Sobra ainda assim um montante de 97 milhões de euros não explicado pelas principais medidas da proposta. O Dinheiro Vivo tentou obter junto do Ministério das Finanças e do Ministério da Modernização do Estado e da Administração Pública informação sobre o aumento das despesas com pessoal e destino do valor não explicado, mas não obteve resposta até à hora de fecho desta edição.
Sindicatos na AR
Na próxima semana, os sindicatos da função pública preparam-se para bater à porta do parlamento, onde prosseguem as negociações para a viabilização do Orçamento do Estado, para pedir maior valorização dos trabalhadores da função pública no documento.
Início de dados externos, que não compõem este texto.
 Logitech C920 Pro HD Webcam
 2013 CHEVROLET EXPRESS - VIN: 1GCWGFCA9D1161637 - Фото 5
A Fesap tem já reuniões marcadas com PS, BE, Verdes e PSD para os dias 21 e 22, e aguarda resposta dos restantes grupos parlamentares: PCP, CDS-PP e PAN. “Salário mínimo outra vez na Administração Pública, sem corrigir a tabela remuneratória única, é a maior injustiça que se pode fazer a quem trabalha, e trabalha há muitos anos na Administração Pública”, diz o secretário-geral, José Abraão.
Desde 2019 que a base remuneratória da Administração Pública deixou de ser o salário mínimo, com o primeiro nível remuneratório no emprego público a ficar em 635,07 euros nesse ano, e já em 2020 a passar aos 645,07 euros, num aumento extraordinário de dez euros aos salários mais baixos que também beneficiou o nível seguinte da tabela remuneratória na mesma medida, mantendo-se uma diferença proporcional prevista na lei. Os aumentos, para 150 mil trabalhadores, custam este ano 26 milhões de euros.
Mas, caso o governo volte neste ano a fixar que a base de salários da função pública corresponde ao salário mínimo nacional, não terá de manter a mesma diferença proporcional entre quem entra na carreira e quem está nela há mais de dez anos como assistente operacional (colocados na base e nível seguinte da tabela remuneratória, respetivamente). A Lei Geral de Trabalho em Funções Públicas prevê que “a alteração do montante pecuniário correspondente a cada nível remuneratório deve manter a proporcionalidade relativa entre cada um dos níveis”, exceto quando a alteração se dê pela elevação do salário mínimo.
Além da correção da tabela remuneratória única – que também é defendida pela Frente Comum e Sindicato dos Quadros Técnicos do Estado (STE) – a Fesap reclama ainda medidas que, diz, pouco impacto teriam no orçamento. Uma delas é a restituição de pontos para progressão perdidos pelos trabalhadores com os salários mais baixos em 2019, quando deixaram de receber pelo salário mínimo e foram colocados no quarto nível da tabela remuneratória, que passou a ser a base vencimentos. A subida custou-lhes os pontos que há dez anos permaneciam congelados, tal como os salários.
O efeito desta media será diluído no tempo, à medida que os funcionários acumulam mais pontos para progressão, defende José Abraão. “É uma questão de vontade política”.
Outra expectativa é a de que a generalidade dos hospitais com o estatuto de entidade pública empresarial garanta aos trabalhadores com contrato individual de trabalho os mesmos direitos de que goza quem tem contrato de trabalho em funções públicas. Será de resto, segundo Abraão, uma decisão inevitável perante decisões judiciais que já o exigem.